In this age of big data, this is how we are to learn from each other — telling data stories. There are three crucial fundamentals of data storytelling, data, visualisation and narrative.

3 fundamentals of data storytelling: data, visualisation and narrative

#1. Collect and clean your data

Before you can tell any data stories, you need data. If you are working in an organisation, a class assignment, or a Kaggle dataset; you have the data. You have to figure out what is the story you want to tell.

If you don’t have data yet, you have to define your hypothesis before collecting data. Your hypothesis should be measurable and clear. This will guide you to find or collect suitable dataset for analysis. Try searching for an open-source dataset that might answer your key question. However, if your question is niche, you have to build your data collection system.

Before you can extract any insights from your data, you have to ensure that the data is correct. This process is defined as data cleaning. Typically you want to clean data that are incomplete, inaccurate, inconsistent and duplicated; to have accurate results.

Identify bad data

Imagine if someone spotted an error during your presentation, that will make your work less credible. For example, if you have a dataset that contains human age, it wouldn’t make sense if someone is 5,000 years old. You might have to remove them first.

Identify missing values

Missing values can be represented as empty values or values that are out of range, like “-1” or “-99" for human age. Your job is to identify and handle these missing values. You may have to get rid of columns or rows that have too many missing values.

Look for outliers

These are data points that contain values that are outside the normal range. Unlike bad data, outliers’ values are valid. For example, in the Seattle Airbnb dataset, there is 1 host who set the minimum rental nights to 1,000. It may offer interesting stories and insights, but they may also skew your results. You have to identify and decide how to deal with these kinds of data.
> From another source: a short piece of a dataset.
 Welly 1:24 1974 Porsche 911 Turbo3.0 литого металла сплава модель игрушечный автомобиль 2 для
#2. Examine data with visualisation

This part is commonly known as exploratory data analysis, in short, EDA. Here you will ask yourself questions as you go about exploring the data you have. You will analyse features, find patterns and relationships between features.

Look for trends

If the data you have consist of time variables, likely you will be interested in finding out if variables are increasing or decreasing over time. The easiest way to visualise trends is by plotting a line chart.

Sometimes, a feature can have a cyclical pattern. For example, the number of air travel passengers will increase during the holiday period, and the amount of rainfall in a year varies by season.
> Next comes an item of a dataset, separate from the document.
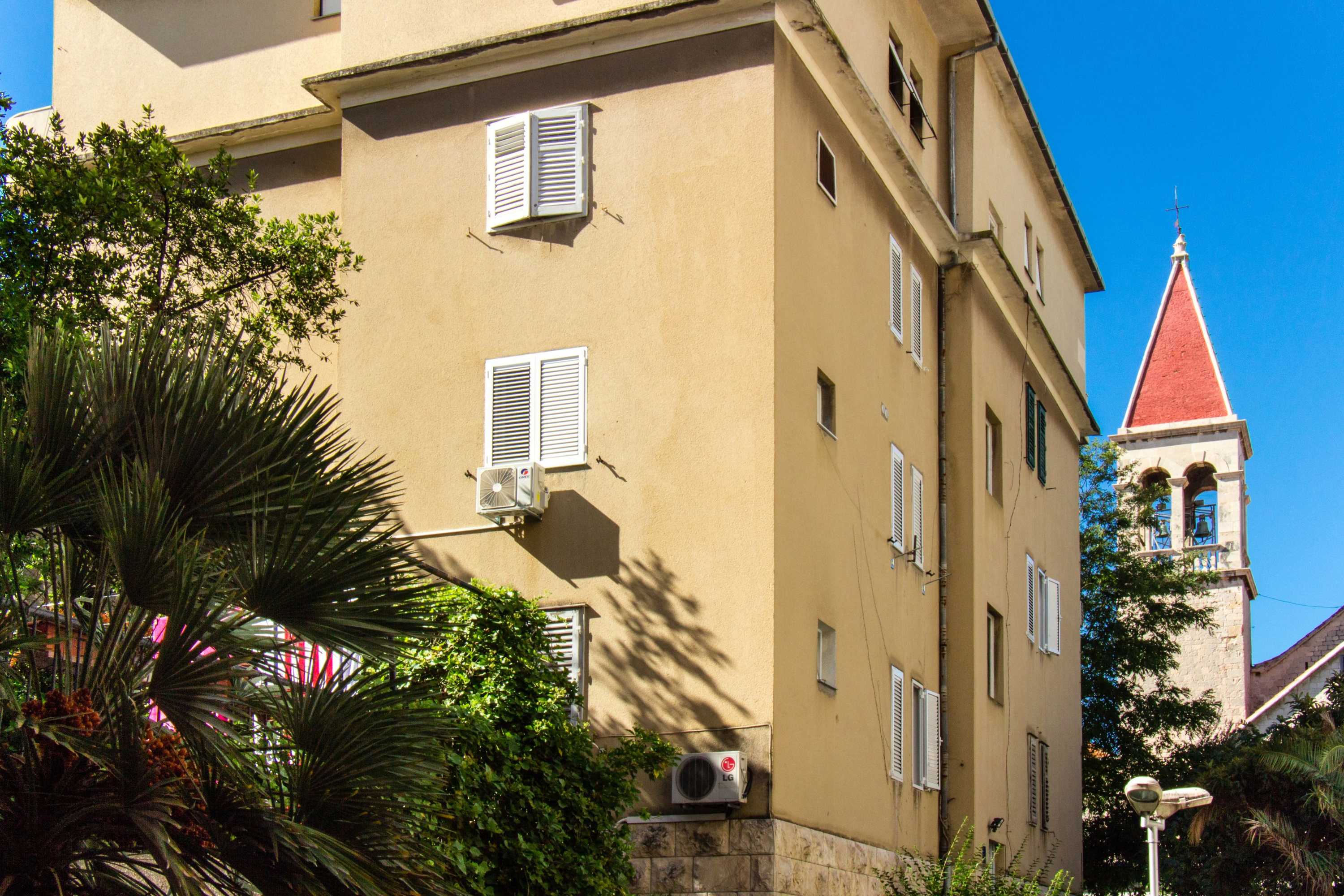 Gift card for Lugo Apartments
Line charts can show you trends over time

Distribution of values

For numerical features, you may want to find the range of the variables. This enables you to know the smallest, largest, mean and median of the feature. It also informs us if the data is left or right-skewed. A common approach to display distribution is using a histogram.

Bar charts are useful for visualising distributions

A histogram can also identify anomaly data and default values. For example, you can extract those houses with humongous floor area and variables with -1 default values.

Left: a number of houses with humongous floor area at the right-most bar. Right: a number of people with -1 age.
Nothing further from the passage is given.